Berkeley Optometry’s Dr. Michael Silver and Vision Science Faculty Member Dr. Jack Gallant are among a group of UC Berkeley researchers who are collaborating to build next-gen MRI brain scanner.
Article By Robert Sanders, UC Berkeley Media relations

Functional magnetic resonance imaging, or fMRI, has transformed our view of the brain, allowing researchers to pinpoint areas associated with everything from depression and dementia to playing chess and engaging in sex.

Its key limitation, however, is resolution: Even the most powerful scanners, using strong 7 to 10 Tesla magnets (7T to 10T), can often only localize activity within a region measuring several millimeters on a side – the size of a grain of rice – that comprises some 100,000 individual neurons doing a variety of different things.

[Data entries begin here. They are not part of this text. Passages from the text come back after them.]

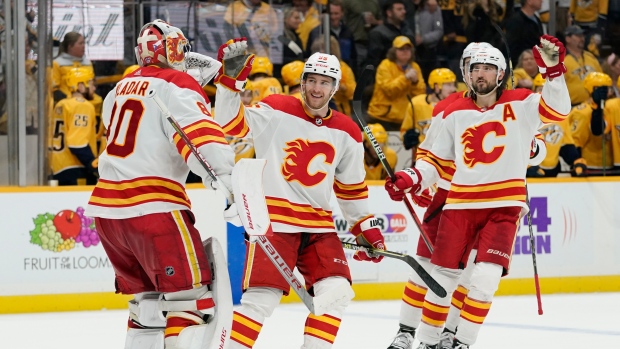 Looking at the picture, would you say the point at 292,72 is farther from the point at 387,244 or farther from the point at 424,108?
the point at 387,244

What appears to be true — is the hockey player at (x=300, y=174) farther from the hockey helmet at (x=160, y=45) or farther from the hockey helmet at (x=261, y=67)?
the hockey helmet at (x=261, y=67)

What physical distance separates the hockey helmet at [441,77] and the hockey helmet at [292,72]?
1067 millimetres

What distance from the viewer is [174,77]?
3902 mm

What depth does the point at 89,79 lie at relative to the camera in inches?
308

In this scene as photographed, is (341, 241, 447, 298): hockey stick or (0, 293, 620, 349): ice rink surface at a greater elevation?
(341, 241, 447, 298): hockey stick

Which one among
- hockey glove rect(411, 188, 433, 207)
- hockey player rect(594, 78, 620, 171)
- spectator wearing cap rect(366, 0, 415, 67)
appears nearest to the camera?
hockey glove rect(411, 188, 433, 207)

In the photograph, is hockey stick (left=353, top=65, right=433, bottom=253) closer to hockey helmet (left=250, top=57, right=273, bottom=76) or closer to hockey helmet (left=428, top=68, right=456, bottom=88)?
hockey helmet (left=250, top=57, right=273, bottom=76)

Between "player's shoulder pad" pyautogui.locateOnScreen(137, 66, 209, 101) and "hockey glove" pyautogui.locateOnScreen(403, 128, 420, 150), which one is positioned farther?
"hockey glove" pyautogui.locateOnScreen(403, 128, 420, 150)

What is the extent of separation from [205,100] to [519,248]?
4.43 metres

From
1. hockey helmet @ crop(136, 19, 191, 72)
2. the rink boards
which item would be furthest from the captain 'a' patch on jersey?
hockey helmet @ crop(136, 19, 191, 72)

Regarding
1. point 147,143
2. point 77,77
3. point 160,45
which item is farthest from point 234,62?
point 77,77

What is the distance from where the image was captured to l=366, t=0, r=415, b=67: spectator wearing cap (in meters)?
9.14

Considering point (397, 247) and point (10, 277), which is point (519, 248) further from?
point (10, 277)

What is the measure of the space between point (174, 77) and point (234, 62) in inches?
18.0
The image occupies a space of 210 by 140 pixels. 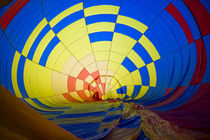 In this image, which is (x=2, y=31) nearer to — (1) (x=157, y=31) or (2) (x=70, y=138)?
(2) (x=70, y=138)

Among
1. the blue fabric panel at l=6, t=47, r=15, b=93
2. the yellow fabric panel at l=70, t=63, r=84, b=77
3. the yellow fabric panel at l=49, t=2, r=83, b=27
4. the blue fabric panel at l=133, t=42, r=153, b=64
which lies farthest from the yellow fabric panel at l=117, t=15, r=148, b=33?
the blue fabric panel at l=6, t=47, r=15, b=93

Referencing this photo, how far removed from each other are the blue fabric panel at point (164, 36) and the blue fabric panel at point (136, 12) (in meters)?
0.19

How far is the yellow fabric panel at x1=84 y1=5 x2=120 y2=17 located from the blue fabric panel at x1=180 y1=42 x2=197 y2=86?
2034 mm

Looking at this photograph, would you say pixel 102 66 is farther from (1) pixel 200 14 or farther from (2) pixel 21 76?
(1) pixel 200 14

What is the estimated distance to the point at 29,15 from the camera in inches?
115

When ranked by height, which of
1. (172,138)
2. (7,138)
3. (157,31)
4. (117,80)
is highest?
(157,31)

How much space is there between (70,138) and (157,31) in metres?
3.57

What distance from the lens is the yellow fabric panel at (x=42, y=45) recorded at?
3.72 m

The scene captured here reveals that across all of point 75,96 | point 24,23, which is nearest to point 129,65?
point 75,96

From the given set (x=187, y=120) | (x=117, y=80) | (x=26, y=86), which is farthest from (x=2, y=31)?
(x=117, y=80)

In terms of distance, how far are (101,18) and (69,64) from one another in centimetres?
207

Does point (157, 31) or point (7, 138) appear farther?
point (157, 31)

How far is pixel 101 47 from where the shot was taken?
5.27 meters

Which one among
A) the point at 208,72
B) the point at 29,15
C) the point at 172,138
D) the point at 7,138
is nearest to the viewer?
the point at 7,138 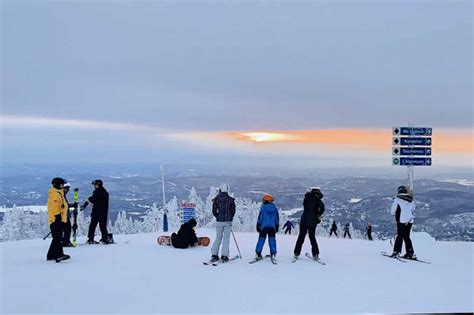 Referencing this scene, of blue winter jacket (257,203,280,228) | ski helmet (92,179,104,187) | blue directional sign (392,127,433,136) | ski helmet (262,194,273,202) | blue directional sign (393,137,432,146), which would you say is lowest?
blue winter jacket (257,203,280,228)

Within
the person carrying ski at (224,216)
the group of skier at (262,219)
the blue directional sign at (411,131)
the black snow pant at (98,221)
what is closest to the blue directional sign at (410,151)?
the blue directional sign at (411,131)

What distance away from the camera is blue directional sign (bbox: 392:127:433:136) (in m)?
14.5

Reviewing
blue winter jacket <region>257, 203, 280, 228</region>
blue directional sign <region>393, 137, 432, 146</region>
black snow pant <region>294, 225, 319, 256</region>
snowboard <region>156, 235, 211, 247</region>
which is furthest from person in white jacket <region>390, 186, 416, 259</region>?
snowboard <region>156, 235, 211, 247</region>

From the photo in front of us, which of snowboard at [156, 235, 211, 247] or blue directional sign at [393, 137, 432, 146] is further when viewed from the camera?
blue directional sign at [393, 137, 432, 146]

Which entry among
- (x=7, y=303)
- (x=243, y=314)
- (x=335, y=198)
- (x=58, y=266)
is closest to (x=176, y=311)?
(x=243, y=314)

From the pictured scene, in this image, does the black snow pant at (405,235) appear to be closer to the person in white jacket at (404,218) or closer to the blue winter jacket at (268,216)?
→ the person in white jacket at (404,218)

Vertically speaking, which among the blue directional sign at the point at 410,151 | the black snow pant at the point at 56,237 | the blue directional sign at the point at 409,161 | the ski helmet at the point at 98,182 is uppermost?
the blue directional sign at the point at 410,151

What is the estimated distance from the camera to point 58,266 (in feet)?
34.6

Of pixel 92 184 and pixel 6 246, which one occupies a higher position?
pixel 92 184

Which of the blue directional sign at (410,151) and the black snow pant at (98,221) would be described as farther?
the blue directional sign at (410,151)

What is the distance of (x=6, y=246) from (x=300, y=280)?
29.0 ft

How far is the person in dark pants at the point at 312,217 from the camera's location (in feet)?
38.1

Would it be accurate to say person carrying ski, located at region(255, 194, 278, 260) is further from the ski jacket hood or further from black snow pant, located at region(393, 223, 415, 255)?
the ski jacket hood

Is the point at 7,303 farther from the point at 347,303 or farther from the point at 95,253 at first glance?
the point at 347,303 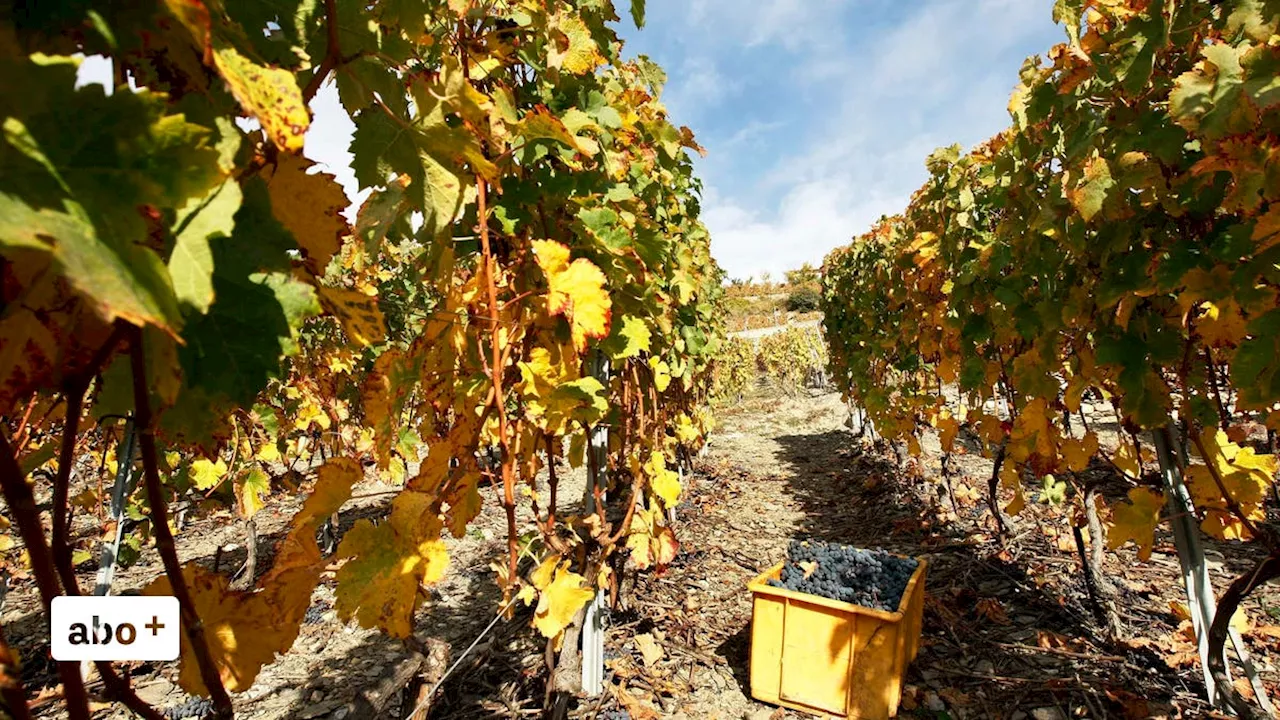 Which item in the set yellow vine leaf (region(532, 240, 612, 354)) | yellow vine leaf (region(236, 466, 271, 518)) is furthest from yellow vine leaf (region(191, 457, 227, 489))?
yellow vine leaf (region(532, 240, 612, 354))

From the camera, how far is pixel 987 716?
296 cm

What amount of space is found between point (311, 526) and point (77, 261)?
33.9 inches

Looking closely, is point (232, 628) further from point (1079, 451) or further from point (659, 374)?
point (1079, 451)

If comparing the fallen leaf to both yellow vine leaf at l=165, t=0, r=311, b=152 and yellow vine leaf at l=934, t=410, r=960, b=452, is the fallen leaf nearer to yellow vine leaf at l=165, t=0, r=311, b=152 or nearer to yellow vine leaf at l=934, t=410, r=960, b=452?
yellow vine leaf at l=934, t=410, r=960, b=452

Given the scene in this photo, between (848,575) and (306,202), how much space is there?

To zoom in on smaller groups of neurons, UC Berkeley researchers have reimagined fMRI techniques and instruments to boost the resolution by a factor of 20. They will use a new $13.43 million BRAIN Initiative grant from the National Institutes of Health to build the NexGen 7T by 2019 to provide the highest resolution images of the brain ever obtained, able to focus on a region the size of a poppy seed.